As someone who also wears the consumer activist hat, I welcome Reserve Bank of India's (RBI) crackdown on capricious rules, one-sided contracts and the callousness of banks and finance companies towards consumers.
Over the last couple of years, RBI has significantly levelled the playing field for bank customers. This was indeed necessary. After the euphoria at being wooed by new private banks offering smart, automated services and a plethora of credit options and facilities, bank consumers went through a harrowing phase of grappling with myriad new charges and complicated billing systems, leading to innumerable disputes. In addition, there were the incessant telemarketing calls at all times of the day and night.
Thanks to RBI’s actions, grievance redressal is taken far more seriously at the bank level. RBI has also ensured that promises to customers are kept, no matter what the cost. Reporting defaulters to the credit information bureau is also fairer. Banks cannot declare individuals as defaulters in every dispute and permanently block their access to credit without informing the customer. Another initiative was to ask banks to create ‘Do not call’ lists and post them on the home page of their website to ensure that customers are not harassed with marketing calls. More importantly, it has identified banks that have the largest number of customer complaints and persuaded them to work closely with the National Consumer Helpline to create a fast track for grievance redressal.
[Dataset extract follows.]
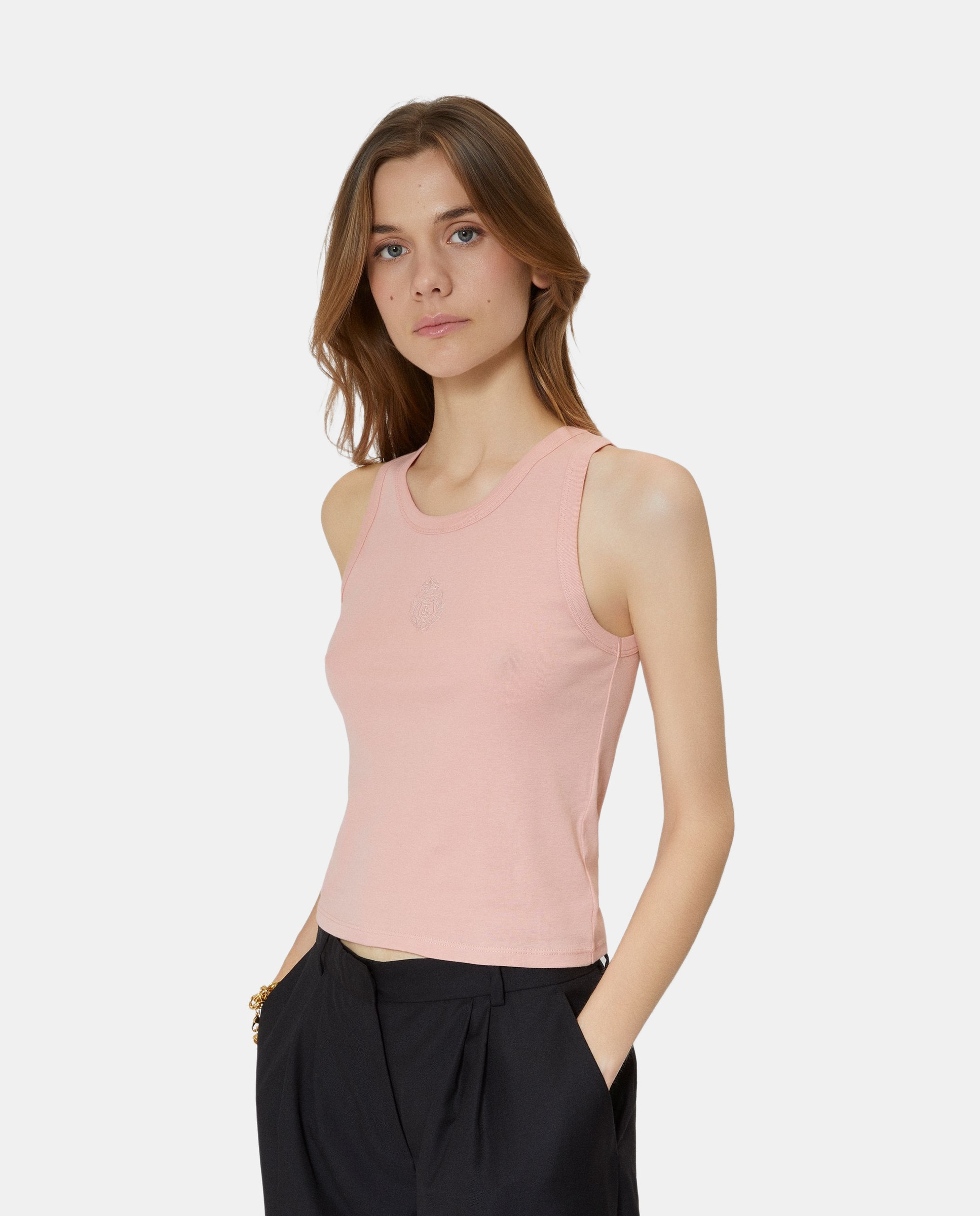 The Kooples - Camiseta de tirantes de mujer de algodón con escudo.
A consequence of this activism is a perceptible improvement in customer handling, a drastic reduction in marketing call harassment and hopefully, overtime, the de-clogging of offices of the banking ombudsman around the country. Having said that, one now gets the impression that the pendulum may be swinging the other way. This could be because the voices of certain small but organised groups tend to represent the large majority. One is not arguing that the concerns of small segments be ignored, only that they must not be mistaken for the majority view and form the basis of framing broad policy.
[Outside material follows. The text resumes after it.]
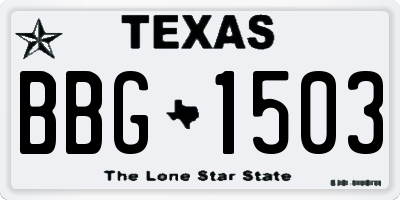 TX license plate BBG1503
One example that I have discussed earlier is RBI’s diktat that banks much issue passbooks to all customers. This is contrary to the operational design of several modern banks, which prefer to invest in technology solutions. They actively discourage customers from visiting the branch for routine transactions that are easily handled by Automated Teller Machines (ATMs). Instead of making passbooks mandatory, they could have been provided on demand to those who want them. The RBI order has imposed enormous costs, especially on new banks for infrastructure, staff and training to provide the facility. When some foreign banks impose a charge Rs 100 for transactions through the branch, it is safe to bet that they will find ways to reject the business of customers who are likely to demand pass books. Moreover, many customers are indeed satisfied with mini statements available from ATM machines, and monthly or quarterly statements sent by post. The rapid growth of Net banking suggests that a growing mass of people is also ready to dispense with the physical statement and monitor all their banking transactions over the Internet.
We learn that the RBI itself is beginning to realise the impracticality of its order and is willing to accept compromise solutions where banks create a passbook facility for those who demand it, but do not need to mail them to everyone. Further, it has accepted a different passbook design, which allows newer entries to be printed out separately and attached to an existing physical folder that looks like a good old-fashioned passbook.
Yes, we want the best consumer protection possible, but in a dynamic economic environment, the central bank must also be careful not to burden its banks with unreasonable restrictions
But RBI is not the only one issuing fatwas to banks; the Banking Codes and Standards Board of India (BCSBI) has told banks that they would have to get ‘positive’ consent from every single one of their own costumers, to be able to market products and services to them.
This is clearly another well-meaning, misguided and expensive rule imposed on banks. If followed in letter and spirit, it means that when your bank launches a special scheme or hikes interest on deposits, it cannot send you a mailer offering you a special offer or service, unless you have specifically consented to receive such a missive.
On checking with several banks, I found that few believe that BCSBI is really serious about enforcing such an extreme and expensive ruling. We learn that only UTI is all set to rollout a complex programme to seek positive consent from each customer and maintain a database of refusals. This effort will carry a steep price tag of Rs 10 crore. The programme, branded Sampark, is already on the bank’s website with a banner saying, “It is not like we don’t have your number, we just respect your privacy. But we will be talking to you soon, for which we want your permission.” One must mention that UTI Bank is not happy spending that money either, but it has been told by the BCSBI that there is no question of backing down from the rule.
If UTI Bank’s expense is a hefty Rs 10 crore, how much higher would be the cost and implementation logistics for a State Bank of India with 90 million customers and ICICI Bank with 20 million customers?
Yes, we want the best consumer protection possible, but in a dynamic economic environment, the central bank must also be careful not to burden all the banks with unreasonable restrictions that carry high costs for benefits that are limited at best.